* [RAW DATA]

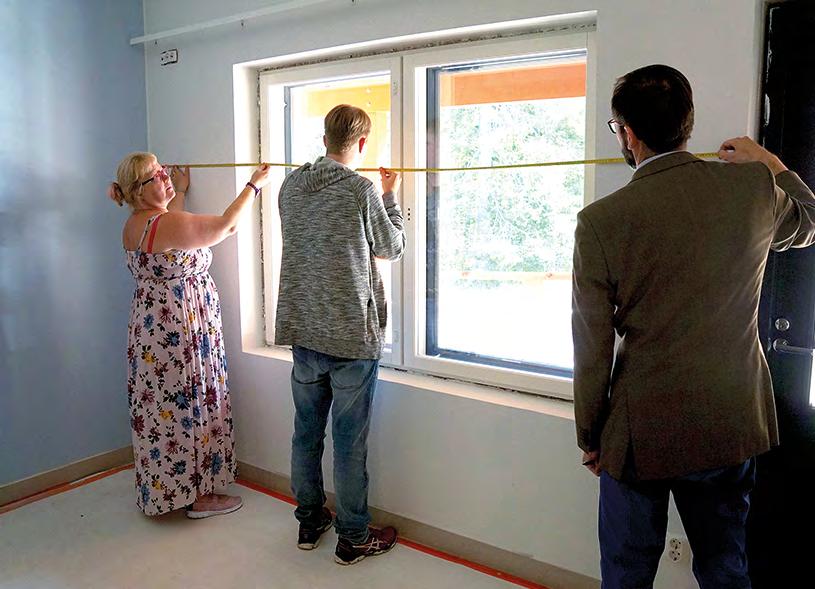 Päivi, Joonas ja Kare Norvapalo mittaavat Joonaksen asunnon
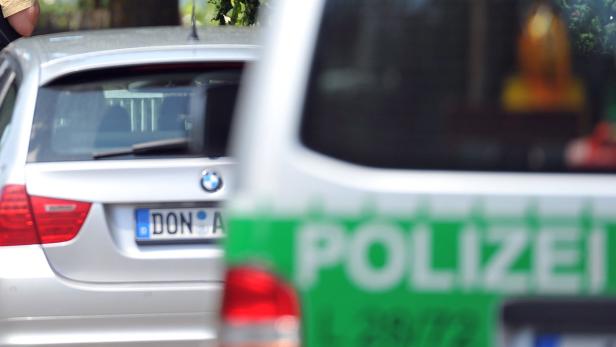 Ein silberner BMW steht neben einem unscharfen Polizeiwagen.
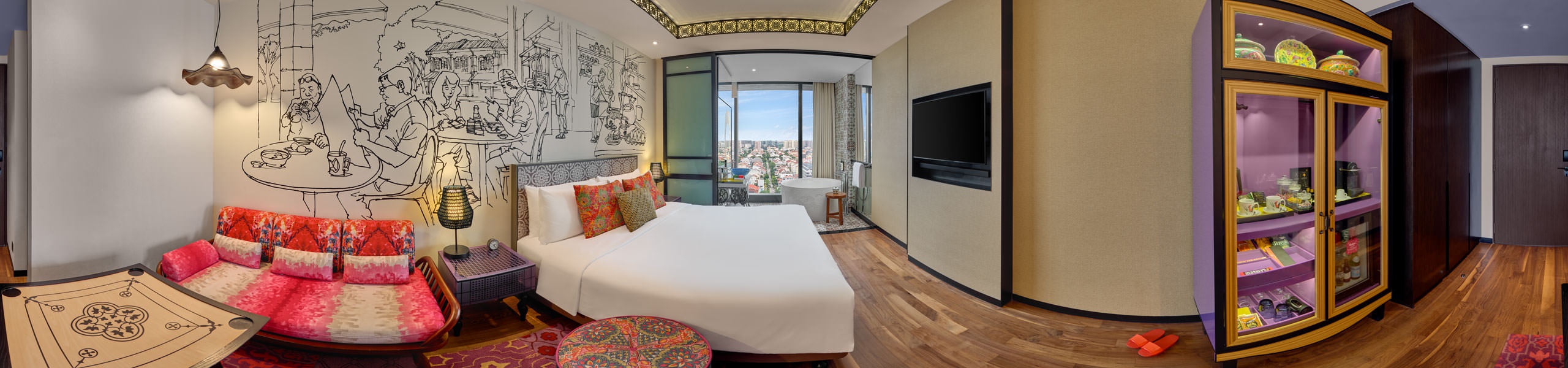 Panoramic view of a colorful boutique hotel room with white bed, red Peranakan-patterned sofa, black-and-white wall mural, and purple-lit minibar cabinet.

* [WHAT IS EXPECTED] The listing should be transcribed exactly. No picture is to appear in the transcription.

* [ANSWER BOX]
 Päivi, Joonas ja Kare Norvapalo mittaavat Joonaksen asunnon
 Ein silberner BMW steht neben einem unscharfen Polizeiwagen.
 Panoramic view of a colorful boutique hotel room with white bed, red Peranakan-patterned sofa, black-and-white wall mural, and purple-lit minibar cabinet.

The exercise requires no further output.